• _Exercise data_
*** Begin section ***

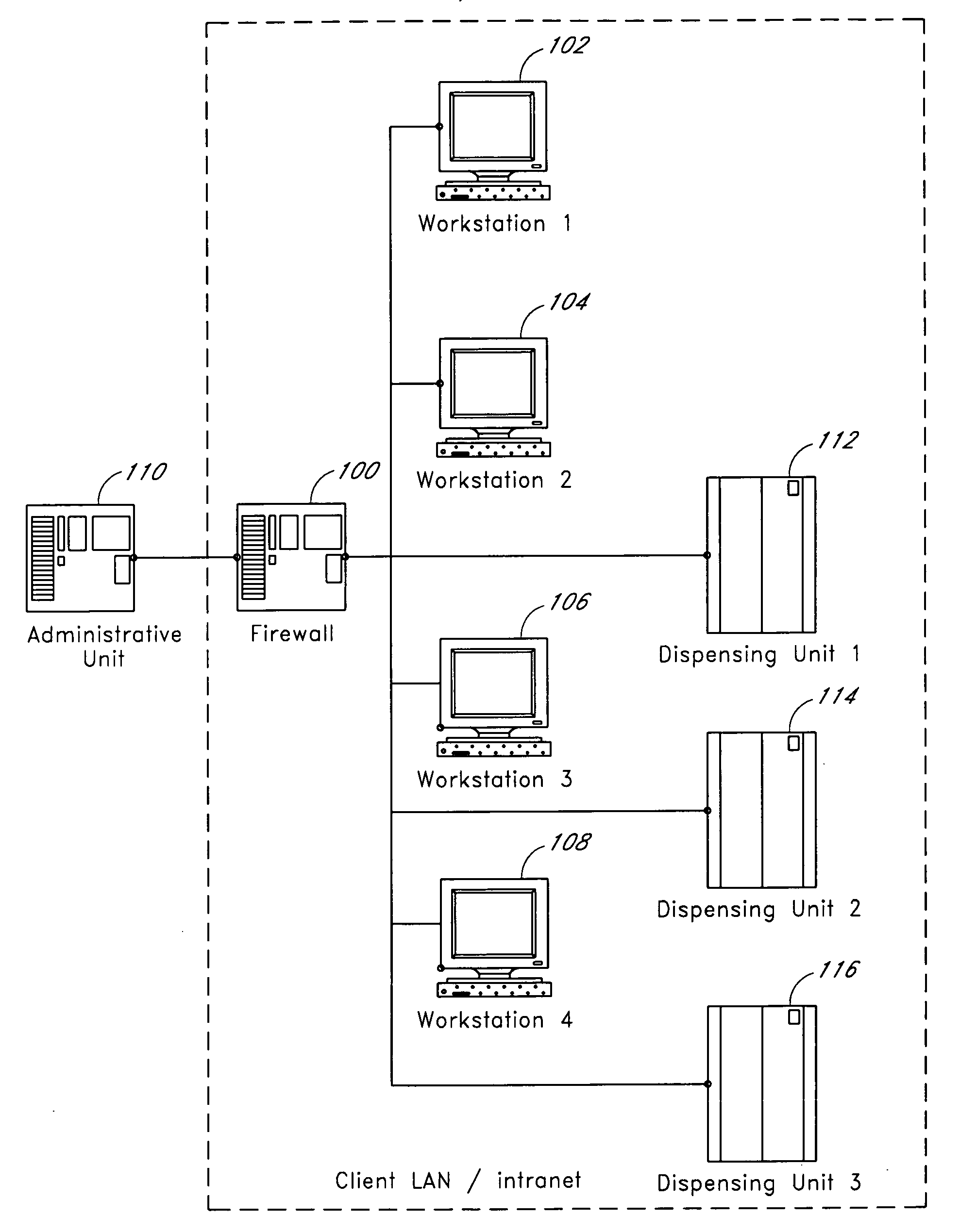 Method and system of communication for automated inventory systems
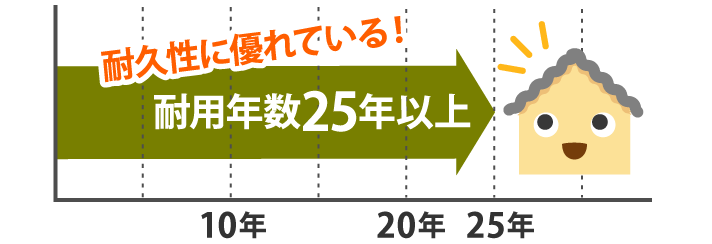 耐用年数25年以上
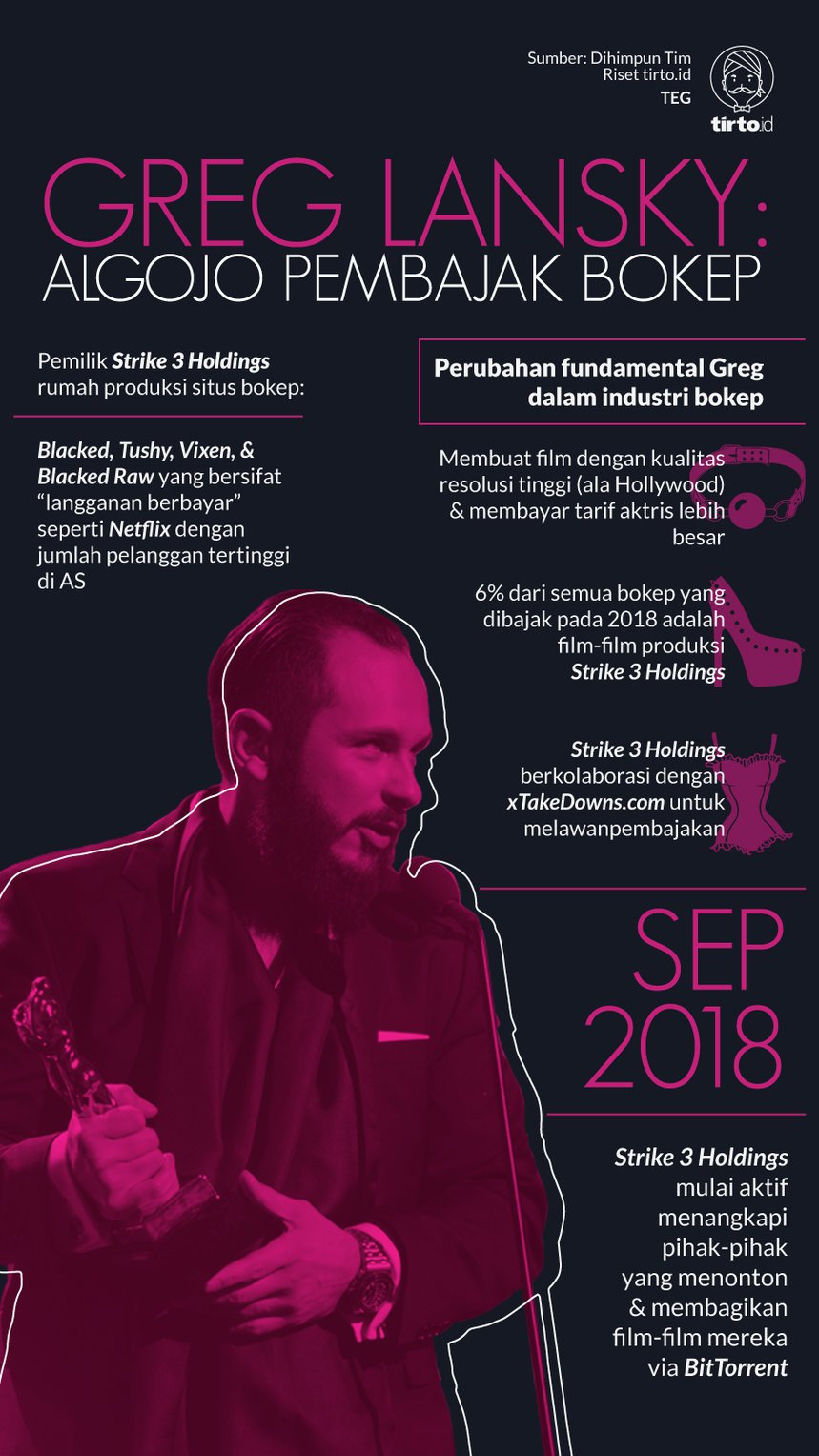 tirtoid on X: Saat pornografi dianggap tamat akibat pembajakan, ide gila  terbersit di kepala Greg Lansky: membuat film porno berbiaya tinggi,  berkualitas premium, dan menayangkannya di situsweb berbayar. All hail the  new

*** End section ***

• _Exercise description_
Would you print the material exactly once more, without any of its pictures?

• _Finished task_
 Method and system of communication for automated inventory systems
 耐用年数25年以上
 tirtoid on X: Saat pornografi dianggap tamat akibat pembajakan, ide gila  terbersit di kepala Greg Lansky: membuat film porno berbiaya tinggi,  berkualitas premium, dan menayangkannya di situsweb berbayar. All hail the  new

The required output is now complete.